Jeff Salway in Scotland on Sunday explains: “The biggest shareholders in companies such as Barclays are institutional investors such as pension funds and life insurers.
“But they invest billions of pounds on behalf of millions of ordinary savers – a growing number of whom feel angered by the pay packets given to top executives.”
Some fat cat sportsmen are also caught up in cash controversies this week.
Alex Hawkes in The Mail on Sunday reports: “Top footballers including Wayne Rooney have thrown down the gauntlet to the taxman after putting their money into an investment plan that could save millions of pounds on their income tax.”
The article explains that at least a dozen wealthy sportsmen including Ryan Giggs, Kenny Dalglish, Sam Allardyce and Rory McIlroy have backed Waverton Property, which has invested £145 million to convert a Birmingham warehouse in to a data centre.
The promoters say this is different from the controversial film tax schemes that saw celebrities write off their income tax bills while investing very small sums in the British film industry.

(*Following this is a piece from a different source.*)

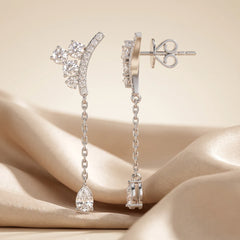 1.22 CT Diamond Cluster Pear Drop Earrings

I’m sure Rooney and Co will be reassured, because the same paper reports that such a film scheme which attracted Manchester United boss Sir Alex Ferguson and former England manager Sven-Goran Eriksson was last week ruled illegal.
It means Sir Alex and Sven will have to pay their taxes after all, although they will no doubt be interested to hear that the three directors of the company are following in the fat cat footsteps of Bailey and Moss.
Despite the scheme’s failure they earned £17.5 million between them.